Anger usually stems from fear, and every time it shows up, the leader should ask himself what he is afraid of. Is it the fear of being mistaken, or the fear of the failure of the entire part of the task that the leader feels responsible for?

After years of using this rule I can say with certainty that the mere act of accepting this rule brings a considerable relief in a leader's work.



Leader always get maximally prepared for each communication with his employees.

The rule of maximal preparedness is based on the Reiki principle of honor and discipline. By accepting this rule, the leader becomes aware of the need for discipline in his work, which eventually leads to honorable performance.

Showing interest in the employees' activities is considered part of this rule. For example, in manufacturing companies, it is indispensable that the new leader asks the employees to organize a detailed visit of the manufacturing plant as soon as possible.

The purpose of this rule is to gain complete confidence of the employees that the leader works with. Complex tasks are always risky, and risks demand confidence.

By preparing as much as possible, the leader will spot the risky parts of his workload, and probably of the mutual job with employees in general. The universal principle about honor in doing one's job, to which this rule is related, expects the leader to talk openly with the employees about these risks.



The purpose of every communication with the employees is to find the best solution.

This rule is based on the Reiki principle about non-worrying, serenity and confidence. Employees have to trust their leader, and this is why they subconsciously want the leaders to be always right.

The leader has confidence in the set of circumstances and uses his or her wisdom and knowledge to take all meetings and discussions towards finding the best solution.

Such an attitude on the leader’s part is natural and allows the leader to gain all the necessary confidence and peace of mind, and to achieve the state without any anxiety. The leader counts on his intuition supported by spiritual exercises, and on the experience acquired through working in previous jobs/companies, so that this self-confident approach fulfills the employee's desire to be led towards a successful finalization of the task.



When distributing tasks among leader and employees, leader always make sure the employees get a maximal workload.

This rule is based on the Reiki principle about criticism and respecting one's interlocutor. The leader maximally respects each employee and wants to empower him or her as much as possible to work independently.

This independence can be achieved only by gathering adequate experiences, which are provided to the employees by giving them an adequate quantity of different tasks. Not giving enough work to employees would imply a lack of respect for them; it would mean that they are given finished solutions instead of being taught how to solve the problems themselves.
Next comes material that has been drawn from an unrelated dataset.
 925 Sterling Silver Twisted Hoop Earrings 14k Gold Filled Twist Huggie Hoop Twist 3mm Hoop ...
Job distribution according to this rule does not cause resistance on the employees' part, because they are attracted by the desire for personal development; they justly perceive the increased workload and the newly acquired skills as their chance to make a career progress.
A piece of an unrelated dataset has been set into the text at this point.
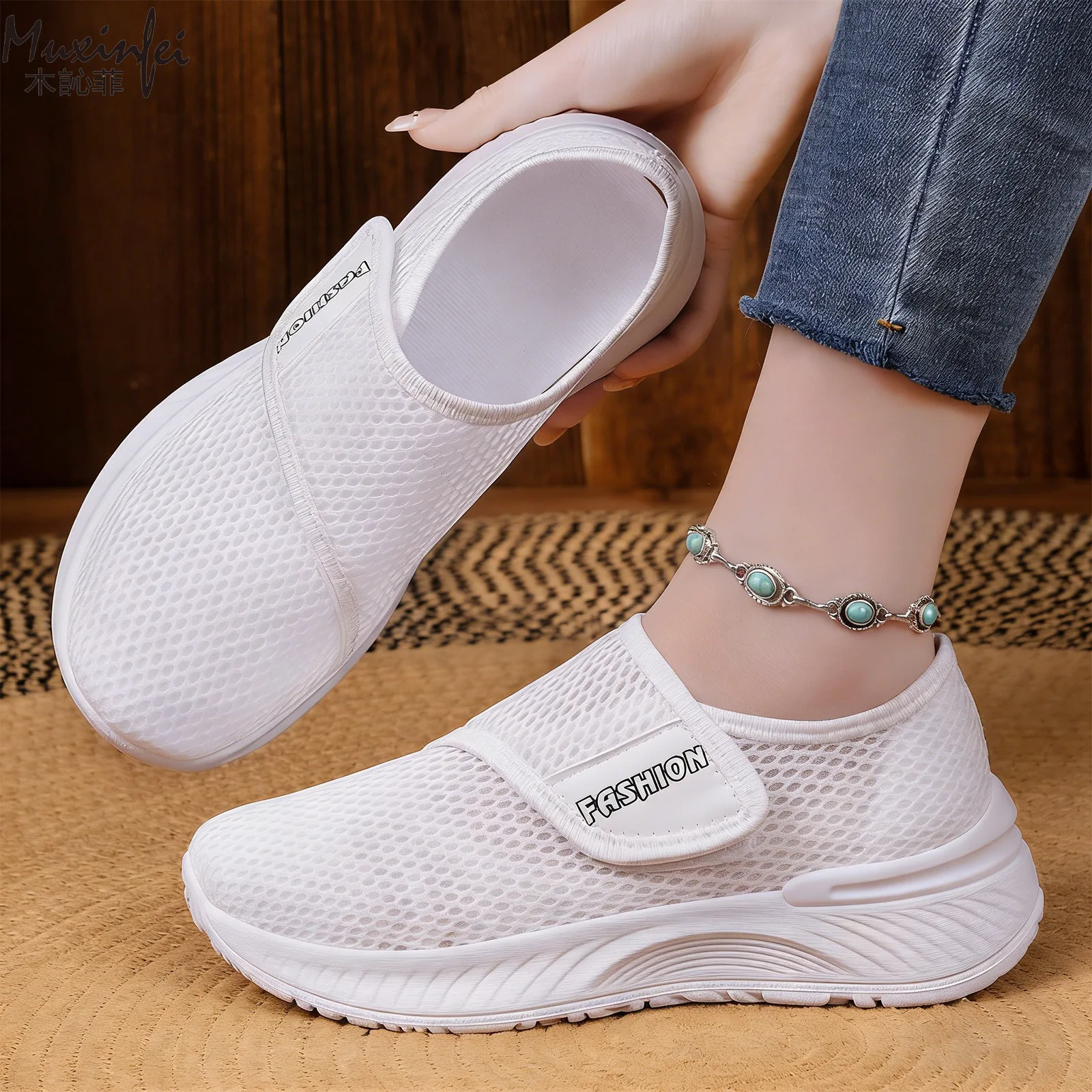 Women's Spring New Casual Versatile Mesh Breathable Velcro Soft Bottom Non Tiring Foot Size Hiking Shoes 36-43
When giving merit for a job well done, the Leader give all the merit to the employees.

This rule is based on the Reiki principle about gratitude and forgiveness. According to the previous rule, the leader will delegate to the employees all the workload that he possibly can, so that he (the leader) may successfully conceive new tasks. When the big job is finished and it becomes clear that it has been successful, it is indispensable that the leader acts according to this rule and rightly accords all the merit for a job well done to the employees.

The employees are grateful to the leader for the path that they traveled together and for all the knowledge, skills and experience gained in the process, which is the principal condition for the cooperation between the leader and the employees making a long-term partnership.



Each of the above five rules has been proved as extremely important for transforming employees from passive and idle potential into proactive, brave and satisfied working force.

Transformational leaders should continually trying to empower their team by keeping them "in the know," by keeping them fully informed on everything that affects their jobs. They want and need to feel that they are “insiders,” that they are aware of everything that is going on.